Apart from the nerves of competing internationally for the first time, they will also have to adjust to unusual conditions.
As athletes who live and train in an environment where -20 degrees Celsius is the norm, Lausanne has been balmy for the Canadians.
“This is very warm [for us], and we’re not used to slushy snow so we’re going to have to watch for that,” said Walch, who trains at the Foothills Nordic Ski Club in the Calgary region. “We’re used to racing in -5, -20-degree Celsius conditions, when the snow is always pretty hard and nice to ski on.”
Air temperature at the Les Tuffes Nordic Centre hovered around 5 degrees Celsius during practice on Thursday. The snow temperature measured about 9 degrees Celsius.

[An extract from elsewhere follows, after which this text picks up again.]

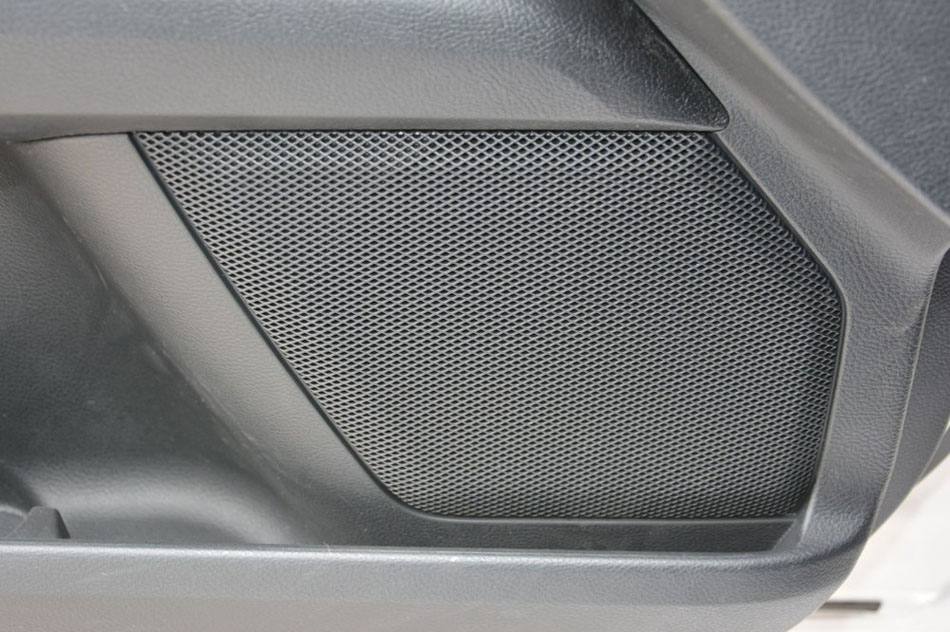 2017款 EcoBoost 245 豪华运动型 座椅空间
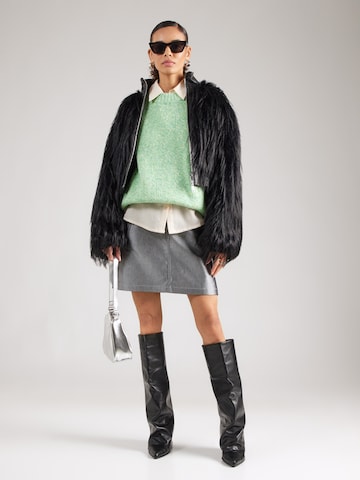 Pullover 'ANNA' di TOPSHOP in verde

“It can take a toll on your muscles if you’re not used to it, and a lot of people have shin problems if they ski on soft snow,” said Walch.
But what does not change is the need to shoot accurately.
Every missed shot in the individual event adds a time penalty. In the sprint and team events, it means doing a penalty loop. At the Lausanne Games, the pursuit events have been replaced with individual competitions and as well as individual and sprint events athletes also compete in the single mixed relay and the team mixed relay.
Age regulations for the Games require that biathletes competing in Lausanne are between 16 and 18. As biathletes compete on the international junior circuit until their early 20s, many of these younger athletes have never met or raced against their counterparts before.
“The usual ones to look out for are like France, Germany. All the European teams are amazing. We’re going to try to keep up with them,” said Walch.
“I don’t know where I’ll place, but I just want to have my best race, shoot my best, and see where that puts me.”
“I want to try to get into the top five, that’s my goal. It’s a steep goal, but you know, no excuses,” said Berg.
The biathlon competition takes place at the Les Tuffes Nordic Centre from Jan 11-15.